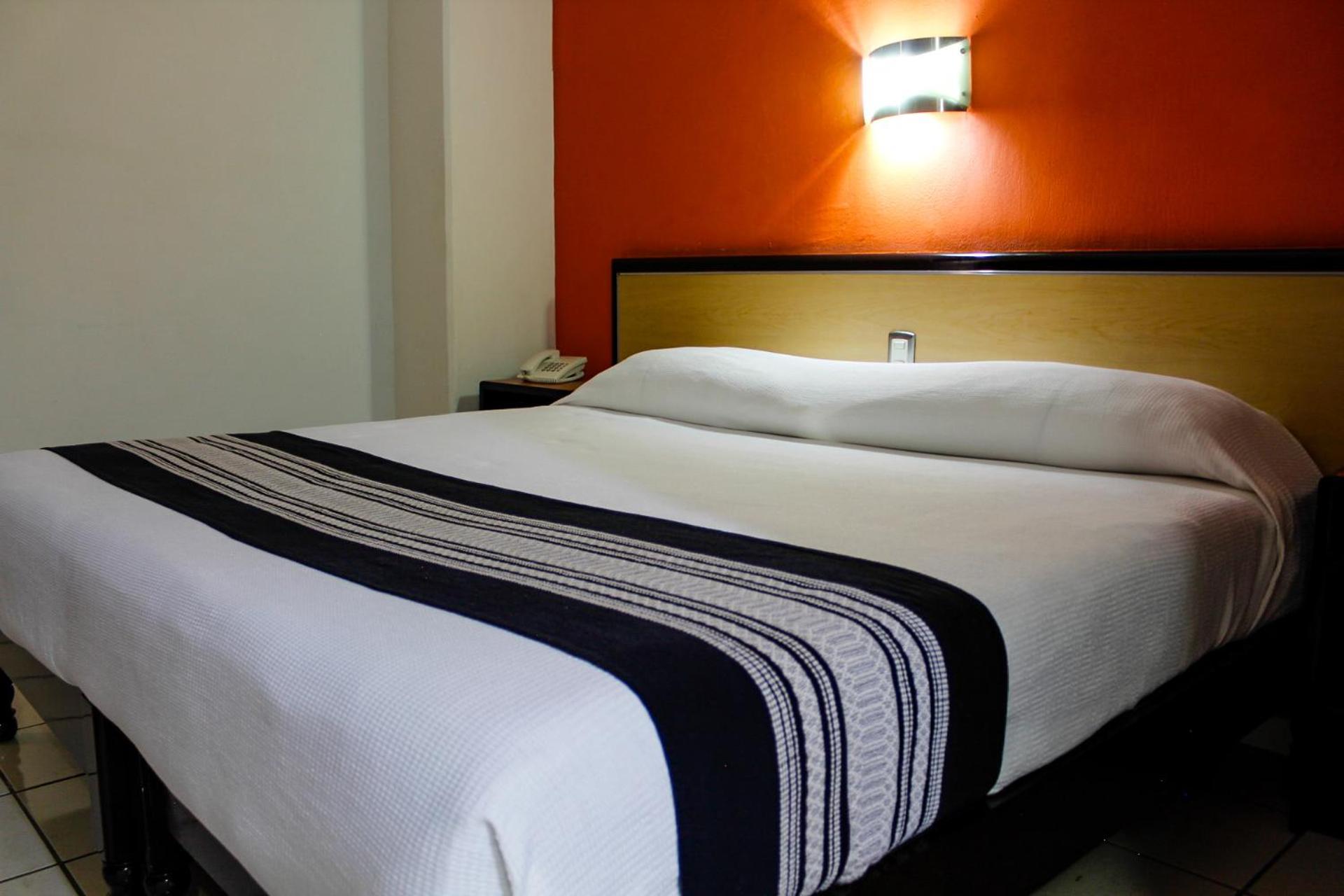 Hotel Montreal Leon Luaran gambar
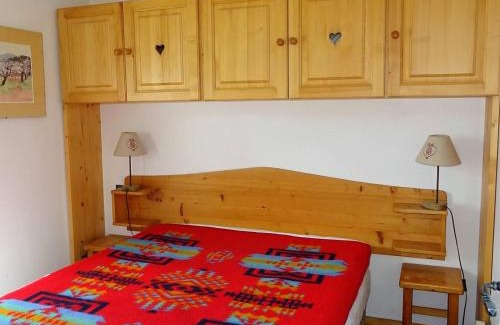 Les Gets Apartment | Appartement Confortable 2 Pièces + Cabine, 5 Pers. - Centre Les Gets, Parking Inclus - FR-1-802-60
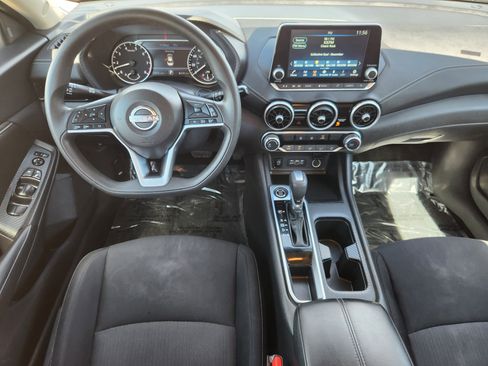 Used 2024 Nissan Sentra SV FWD image 10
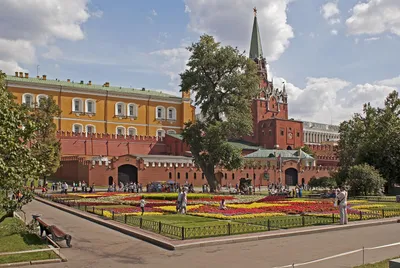 Александровский сад в Москве - история с описанием и фото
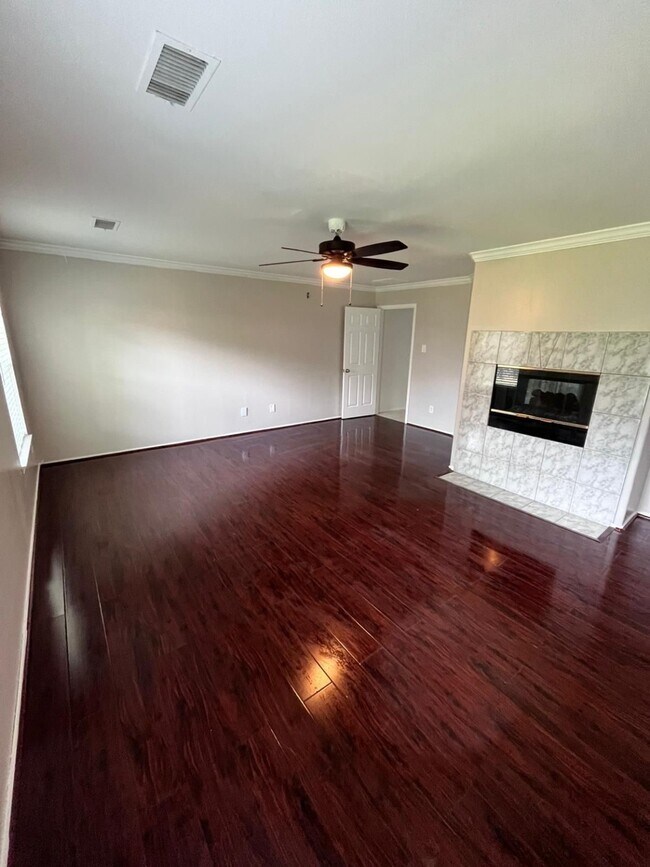 Foto del edificio - 2202 Laurel Branch Way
+--
• EXERCISE OBJECTIVE
Repeat the records exactly, without the pictures.

• SOLUTION TO THIS PROBLEM
 Hotel Montreal Leon Luaran gambar
 Les Gets Apartment | Appartement Confortable 2 Pièces + Cabine, 5 Pers. - Centre Les Gets, Parking Inclus - FR-1-802-60
 Used 2024 Nissan Sentra SV FWD image 10
 Александровский сад в Москве - история с описанием и фото
 Foto del edificio - 2202 Laurel Branch Way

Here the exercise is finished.